WHAT IS NEEDED
Each of the following records is to be printed verbatim.

:::

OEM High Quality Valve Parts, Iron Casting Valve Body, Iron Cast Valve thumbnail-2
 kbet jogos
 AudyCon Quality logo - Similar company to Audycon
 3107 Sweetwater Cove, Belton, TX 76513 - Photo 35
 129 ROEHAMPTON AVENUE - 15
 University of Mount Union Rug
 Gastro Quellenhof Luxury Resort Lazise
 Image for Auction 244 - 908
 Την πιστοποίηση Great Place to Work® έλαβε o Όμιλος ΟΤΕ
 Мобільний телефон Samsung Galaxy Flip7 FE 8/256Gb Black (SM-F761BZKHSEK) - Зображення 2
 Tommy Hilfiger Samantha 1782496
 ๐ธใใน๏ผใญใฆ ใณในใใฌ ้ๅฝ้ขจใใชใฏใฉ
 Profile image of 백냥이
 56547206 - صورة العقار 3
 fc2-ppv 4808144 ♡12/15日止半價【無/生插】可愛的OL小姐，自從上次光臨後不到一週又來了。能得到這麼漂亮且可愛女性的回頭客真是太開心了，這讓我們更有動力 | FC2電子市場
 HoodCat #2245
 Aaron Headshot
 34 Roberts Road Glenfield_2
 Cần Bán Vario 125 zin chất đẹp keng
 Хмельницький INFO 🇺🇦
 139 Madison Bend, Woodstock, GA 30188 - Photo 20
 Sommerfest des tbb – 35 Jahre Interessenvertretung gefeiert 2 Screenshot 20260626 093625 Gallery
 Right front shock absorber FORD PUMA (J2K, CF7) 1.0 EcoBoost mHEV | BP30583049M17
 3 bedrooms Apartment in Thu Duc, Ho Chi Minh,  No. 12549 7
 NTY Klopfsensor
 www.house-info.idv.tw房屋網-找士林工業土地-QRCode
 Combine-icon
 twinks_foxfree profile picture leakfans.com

:::

REPLY
OEM High Quality Valve Parts, Iron Casting Valve Body, Iron Cast Valve thumbnail-2
 kbet jogos
 AudyCon Quality logo - Similar company to Audycon
 3107 Sweetwater Cove, Belton, TX 76513 - Photo 35
 129 ROEHAMPTON AVENUE - 15
 University of Mount Union Rug
 Gastro Quellenhof Luxury Resort Lazise
 Image for Auction 244 - 908
 Την πιστοποίηση Great Place to Work® έλαβε o Όμιλος ΟΤΕ
 Мобільний телефон Samsung Galaxy Flip7 FE 8/256Gb Black (SM-F761BZKHSEK) - Зображення 2
 Tommy Hilfiger Samantha 1782496
 ๐ธใใน๏ผใญใฆ ใณในใใฌ ้ๅฝ้ขจใใชใฏใฉ
 Profile image of 백냥이
 56547206 - صورة العقار 3
 fc2-ppv 4808144 ♡12/15日止半價【無/生插】可愛的OL小姐，自從上次光臨後不到一週又來了。能得到這麼漂亮且可愛女性的回頭客真是太開心了，這讓我們更有動力 | FC2電子市場
 HoodCat #2245
 Aaron Headshot
 34 Roberts Road Glenfield_2
 Cần Bán Vario 125 zin chất đẹp keng
 Хмельницький INFO 🇺🇦
 139 Madison Bend, Woodstock, GA 30188 - Photo 20
 Sommerfest des tbb – 35 Jahre Interessenvertretung gefeiert 2 Screenshot 20260626 093625 Gallery
 Right front shock absorber FORD PUMA (J2K, CF7) 1.0 EcoBoost mHEV | BP30583049M17
 3 bedrooms Apartment in Thu Duc, Ho Chi Minh,  No. 12549 7
 NTY Klopfsensor
 www.house-info.idv.tw房屋網-找士林工業土地-QRCode
 Combine-icon
 twinks_foxfree profile picture leakfans.com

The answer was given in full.